The First-tier Tribunal (Mental Health) decides when patients can be released.
You can ask the tribunal to place conditions on the patient’s release if you’re a:
- victim of a violent or sexual offence by the patient
- close family member of a victim who can’t do it themselves, for example they’ve died, are mentally incapacitated or they’re too young
This is known as ‘a written representation’.
Conditions you can ask for
Discharge conditions can include:
- banning the patient from contacting you
- making ‘exclusion zones’ that the patient isn’t allowed to enter
The tribunal can only place discharge conditions on restricted patients, for example patients who’ve received an order from the Crown Court or been transferred from prison.
The tribunal can’t place conditions on:
- non-restricted patients - your written representation will be given to the patient’s psychiatrist if they’re discharged
- community treatment patients - the patient’s doctor may be able to place conditions on their discharge
When to make your representation
You’ll be contacted by your Victim Liaison Officer (VLO) who will tell you:
- what’s happening with the patient’s detention
- the dates of any future hearings
- when you can make your representation
Contact the tribunal if you haven’t been contacted by a VLO.
You’ll be contacted by the hospital manager when there’s going to be a hearing.
How to make your representation
Your VLO will help you fill in the victim representation form.
You must say only:
- that you think conditions should be placed on the patient, if discharged
- what those conditions should be
Don’t include anything else, for example your feelings, unless it’s relevant to the conditions you’re requesting.
All members of the tribunal panel will get a copy of your representation form.
Withholding your representation from the patient
Patients can usually read all representations at their hearing. You can ask for your representation to be withheld from the patient, but this will only be allowed under exceptional circumstances, for example if someone’s safety will be put at risk.
Contact your VLO or the hospital manager who will ask the tribunal on your behalf.
Attending a hearing
You usually won’t be allowed to attend and make your representation at the hearing.
If you think there are exceptional circumstances, write to the tribunal in advance explaining why you need to be heard in person.

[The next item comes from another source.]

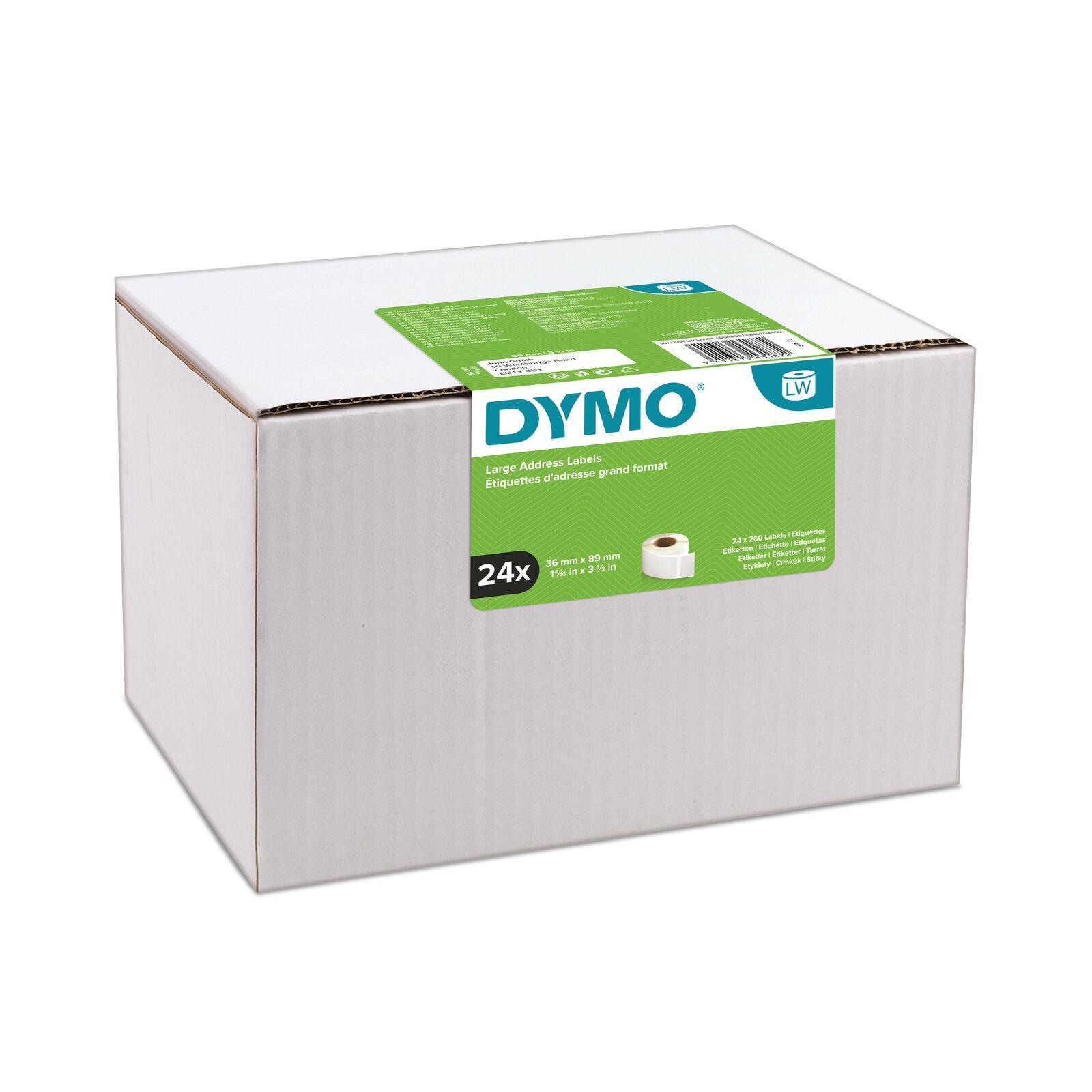 DYMO LW - Etichette indirizzi grandi - 36 x 89 mm - S0722390 (Dymo 99012 24 Rolls of 36mm x 89mm Large Address Permanent Labels)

You’ll be told the time and place if the tribunal agrees to let you attend. You’ll probably be asked to leave after you’ve made your representation.
The tribunal’s decision
In restricted cases, your VLO will be told about the tribunal’s decision within 7 days of the hearing.

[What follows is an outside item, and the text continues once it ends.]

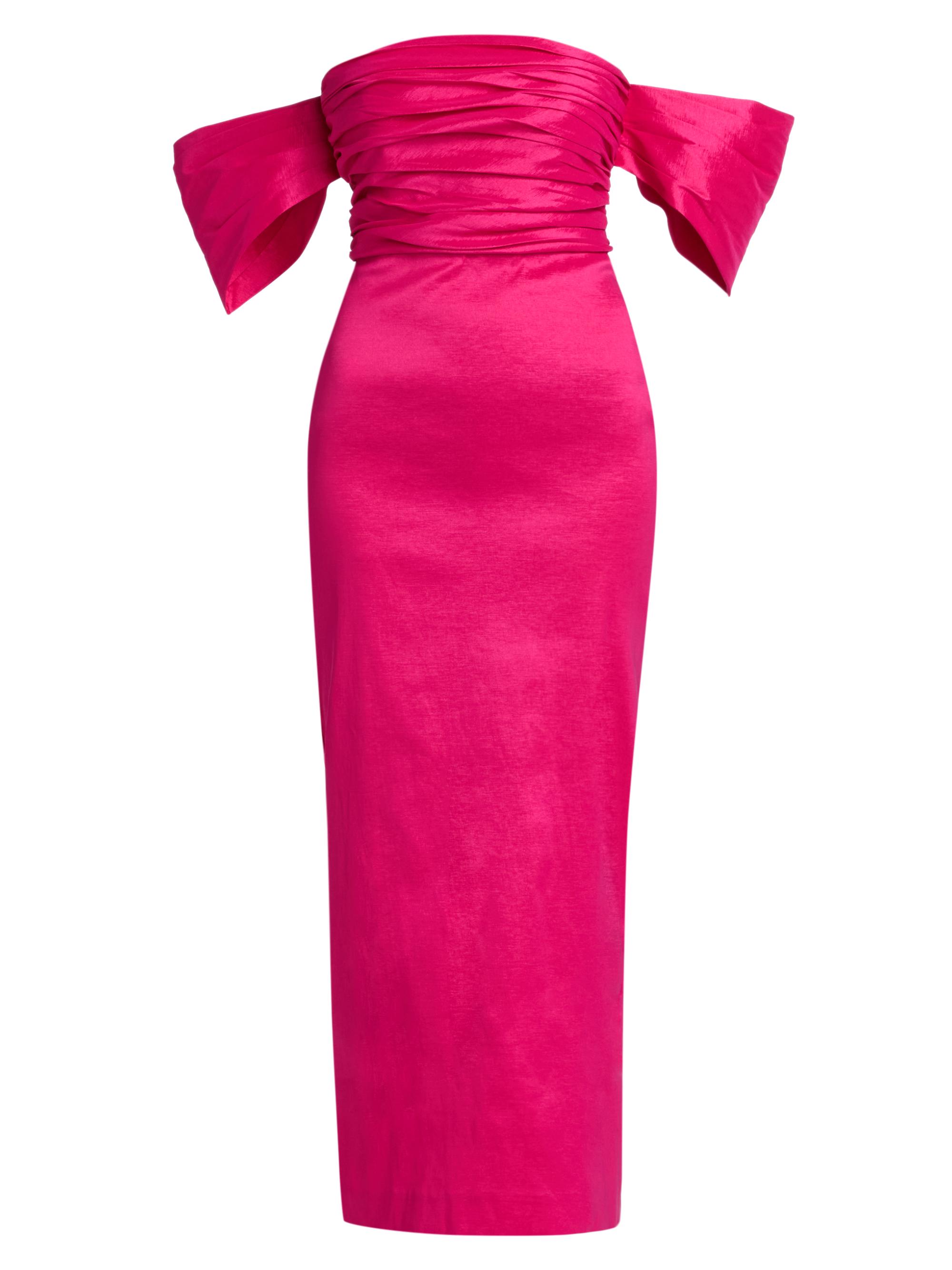 Kika Vargas Women's Adele Taffeta Off-the-Shoulder Midi-Dress - Fuchsia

In non-restricted cases, a hospital doctor will tell you the tribunal’s decision.
You have a right to know:
- if and when the patient is going to be discharged
- any conditions placed on the patient that you need to know
- any changes to conditions that you’ve been told of in the past
- if and when a restriction order is going to stop
Scotland and Wales
This tribunal is for England. There are separate Mental Health Tribunals for Wales and Scotland.